:: Data to examine
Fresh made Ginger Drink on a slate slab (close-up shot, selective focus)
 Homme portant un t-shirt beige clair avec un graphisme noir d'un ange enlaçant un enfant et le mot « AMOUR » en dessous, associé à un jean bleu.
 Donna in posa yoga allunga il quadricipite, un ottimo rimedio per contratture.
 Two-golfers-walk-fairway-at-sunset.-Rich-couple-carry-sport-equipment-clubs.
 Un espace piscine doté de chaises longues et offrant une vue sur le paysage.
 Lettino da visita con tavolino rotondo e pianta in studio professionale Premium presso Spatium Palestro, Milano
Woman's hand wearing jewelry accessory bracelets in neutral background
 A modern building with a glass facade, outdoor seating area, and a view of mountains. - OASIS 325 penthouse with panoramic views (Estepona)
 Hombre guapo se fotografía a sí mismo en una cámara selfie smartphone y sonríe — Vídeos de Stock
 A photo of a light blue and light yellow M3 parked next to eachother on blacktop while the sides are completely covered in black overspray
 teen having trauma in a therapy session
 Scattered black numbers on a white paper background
::::
*Task to carry out:* From the listing above, copy out each line where the word "black" appears.

*Problem solution:*
 A photo of a light blue and light yellow M3 parked next to eachother on blacktop while the sides are completely covered in black overspray
 Scattered black numbers on a white paper background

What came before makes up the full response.